A monthly report released by IHS Markit showed that change of house prices in the UK did not justify analysts' expectations. While majority of experts anticipated an increase of 0.1% in April, the revealed data showed the opposite result. Despite the minor fluctuations, UK house prices, in general, remained unchanged for the last three months. The reason behind price stagnation is partly based on the fact that the dynamics of home sales in March and April was very similar to January and February, and remained in line with the two-year average. In addition, experts referred to the deficit of supply in the market, as the number of houses available for purchase fell for the 13th consecutive month. In a more general context, a decrease in the pace of job creation as well as rising inflation also reduced consumers' ability to acquire new houses.
On the other hand, analysts noted that confidence in the UK housing market is gradually improving, following a record fall after the Brexit referendum in June 2016. This fact in conjunction with very low mortgage interest rates should offset the abovementioned constraints and slightly raise housing prices.
No important data releases until Wednesday
GBP/USD hovers above the weekly pivot point
On Monday, the GBP/USD currency pair behaved in accordance with expectations, having edged slightly lower, with the weekly PP limiting the intraday losses. Although the Cable should continue edging lower, the technical indicators suggest a positive outcome is possible, but with the 1.30 mark remaining unmatched. However, due to lack of potential market movers, the Sterling is also capable of trading relatively flat against the US Dollar today, with risks still skewed to the upside. Ultimately, the 1.3120 handle should be the overall ceiling and the 1.2750–the bottom, as these levels mark the borders of the broadening rising wedge pattern, where the Cable is currently traded in.
Daily chart
Hourly chart
Traders remain neutral
Traders retain a neutral outlook towards the Pound, with 51% of all open positions being short and the other 49% being long. At the same time, the number of purchase orders inched up from 54 to 56%.
A less optimistic situation is observed elsewhere. The sentiment at OANDA remains bearish, namely 63% of all open positions are short and the remaining 37% are long. Meanwhile, sentiment at Saxo Bank slightly improved, but still remains strongly bearish, with 60% of traders now being short and the other 40% - long on the Sterling against the US Dollar.

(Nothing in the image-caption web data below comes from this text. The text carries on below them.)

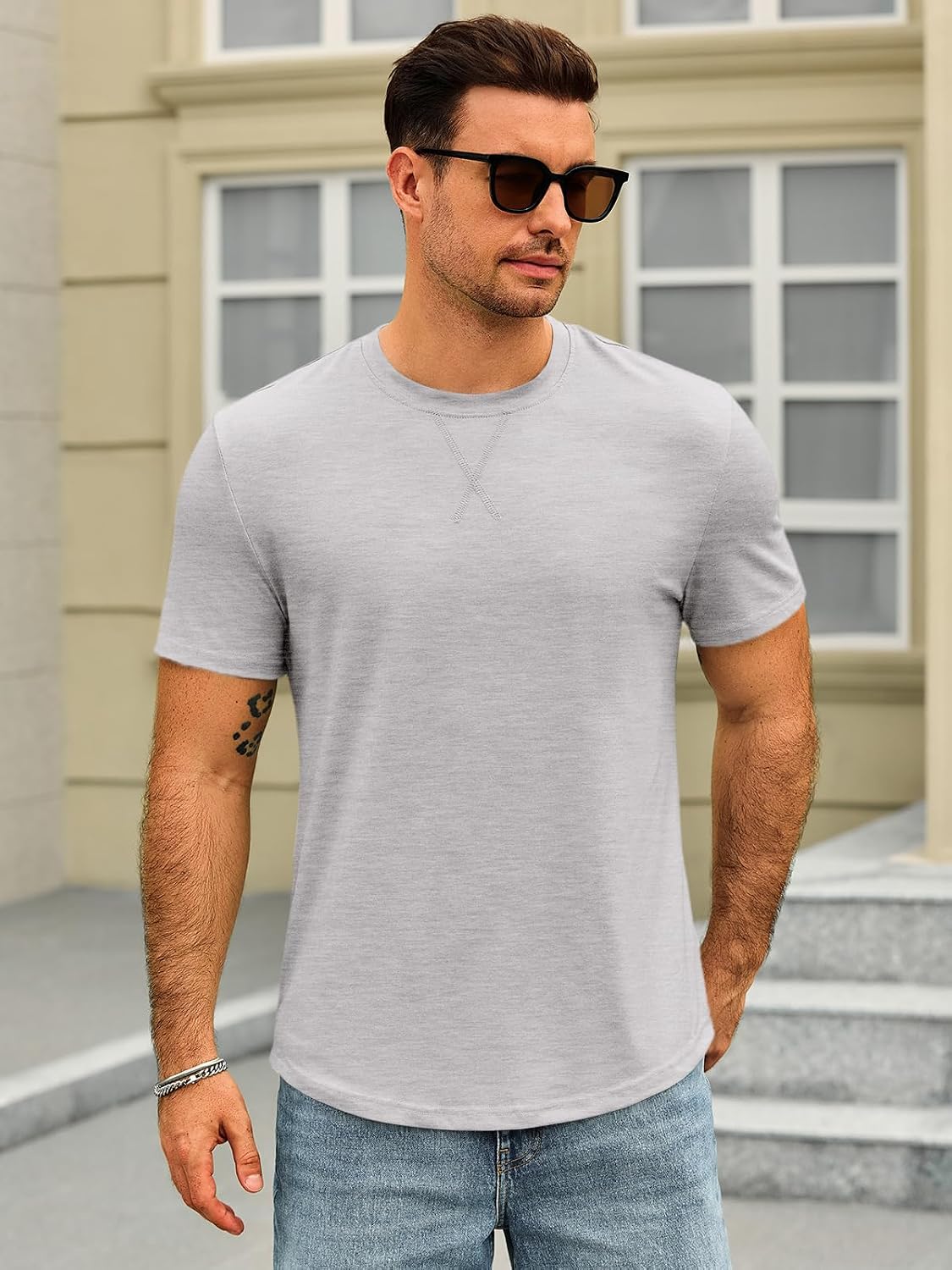 Runcati Mens Short Sleeve T-Shirts Crew Neck Casual Shirt Summer Classic Basic Lightweight Fashion Tees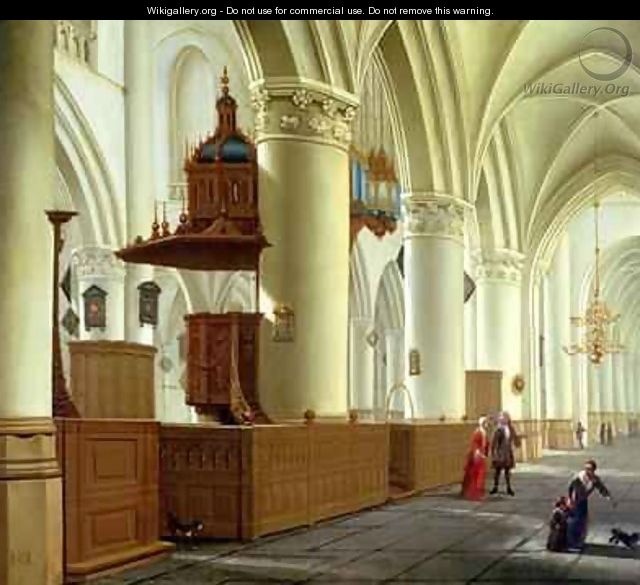 Views of the north and south aisles of the church of St Bavo Haarlem - Isaak Nickelen
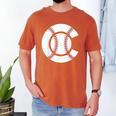 Baseball Sport Player Graphic Monogram Initial Letter C Men's Comfort Colors T-Shirt Yam Baseball Sport Player Graphic Monogram Initial Letter C Men's Comfort Colors T-Shirt Yam
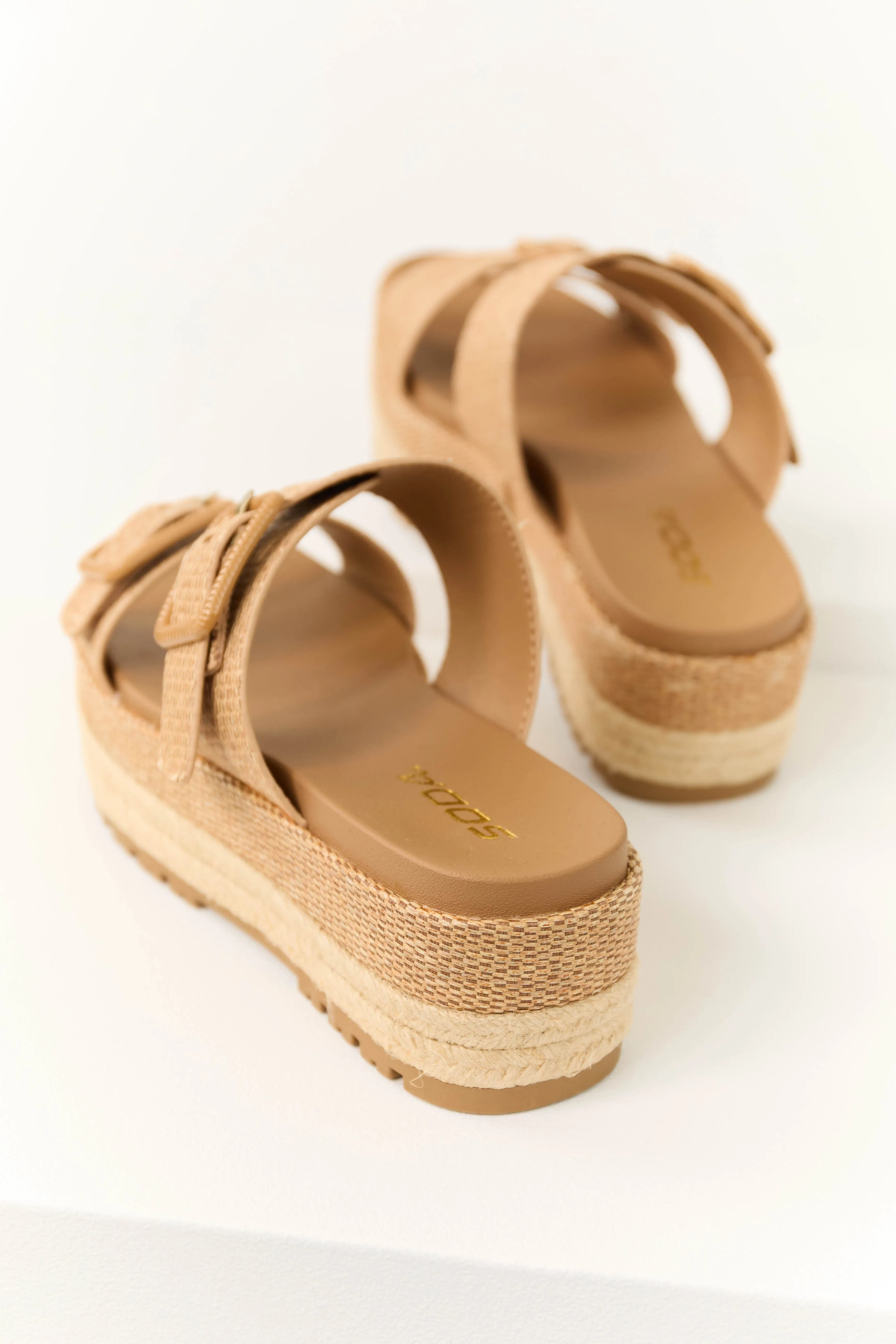 Sepia Woven Espadrille Platform Sandals sold by Lime Lush product image thumbnail 4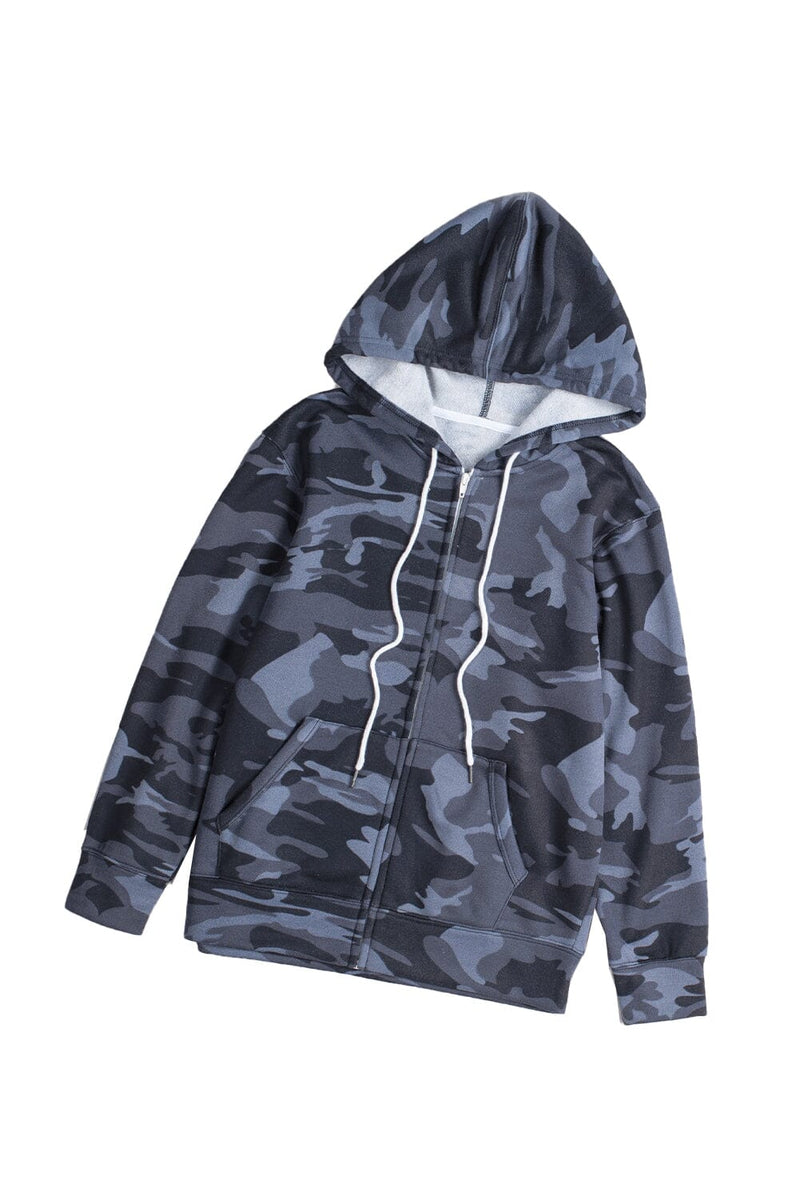KaleaBoutique Classic Camo Print Zip-up Hooded Coat with Pockets - KaleaBoutique.com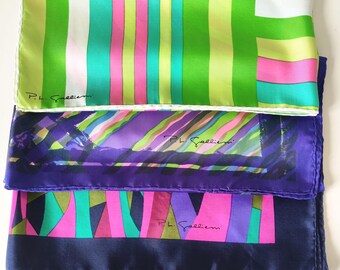 Vintage Silk Scarf Lot P.L.Gallieni, 1970s Italian Designer Silk Neck Scarf, Colorful Geometric Psychedelic Abstract Square Scarf, deadstock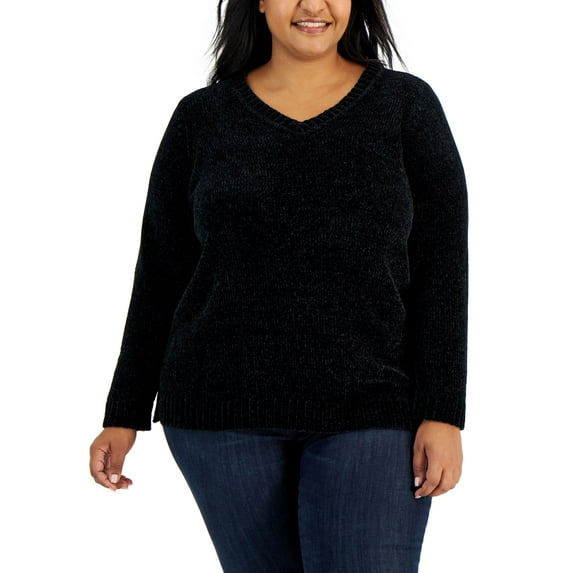 Karen Scott Plus Size Chenille V Neck Sweater Deep Black 1X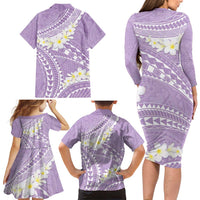 Polynesian Vintage Floral Family Matching Long Sleeve Bodycon Dress and Hawaiian Shirt Lavender Motifs LT7 - Polynesian Pride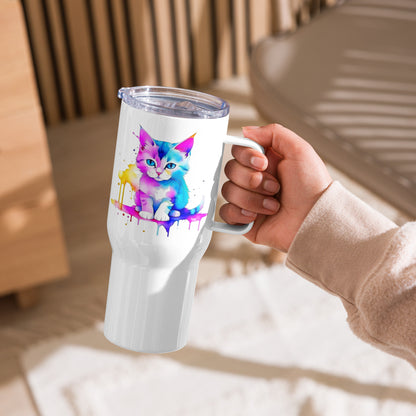 Vibrant Kitten Travel mug with a handle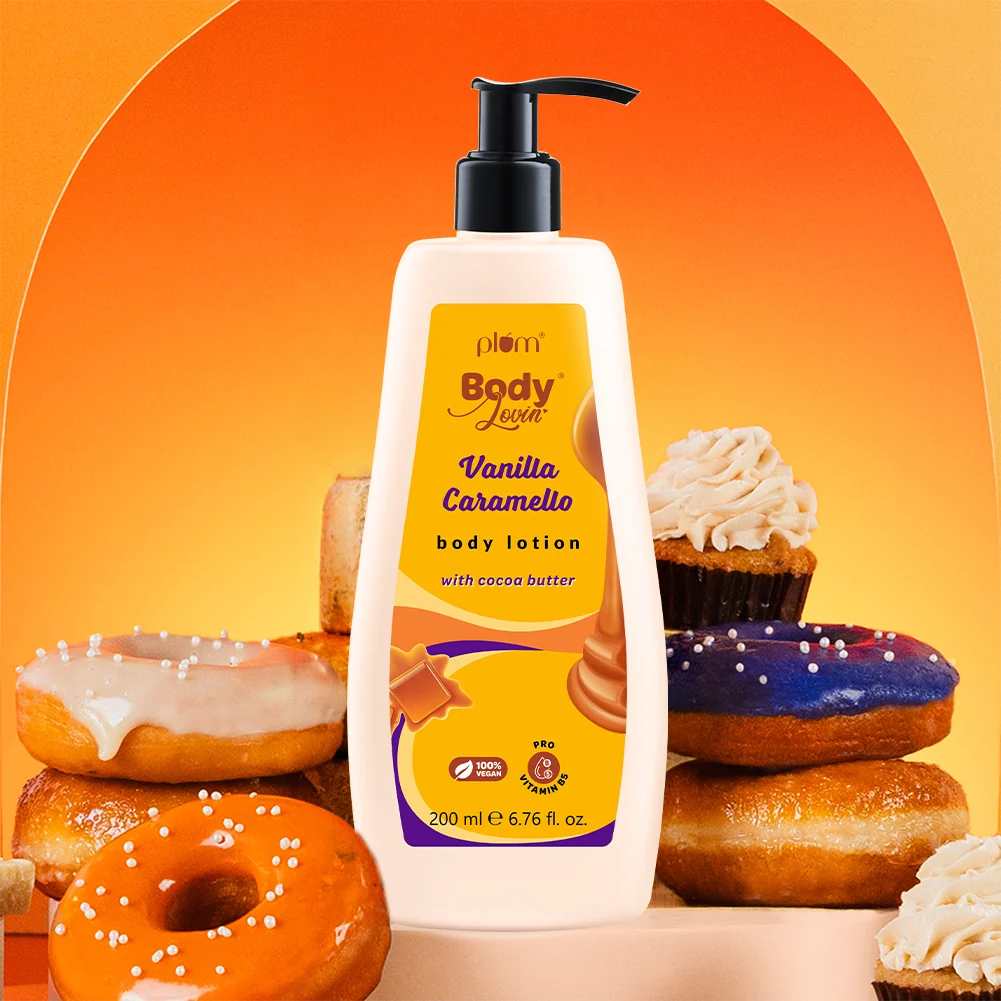 Plum BodyLovin Vanilla Caramello Lotion, 200 ml, official product photograph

Spreads (avg, pip) / Trading volume / Volatility
Traders still indecisive
By the end of the next three months traders believe the Cable is to rise above the 1.30 major level, as 60% of survey participants believe so. While the current price is around 1.29, the average forecast for August 09 is 1.3035. The 1.30-1.32 and the 1.32-1.34 ranges are now the most popular price intervals, both having 16% of the votes, while second comes the 1.34-1.36 interval with 13% of the voters, and the third place is tied by 1.28-1.30 and 1.36-1.38, with 11% of poll participants choosing either option.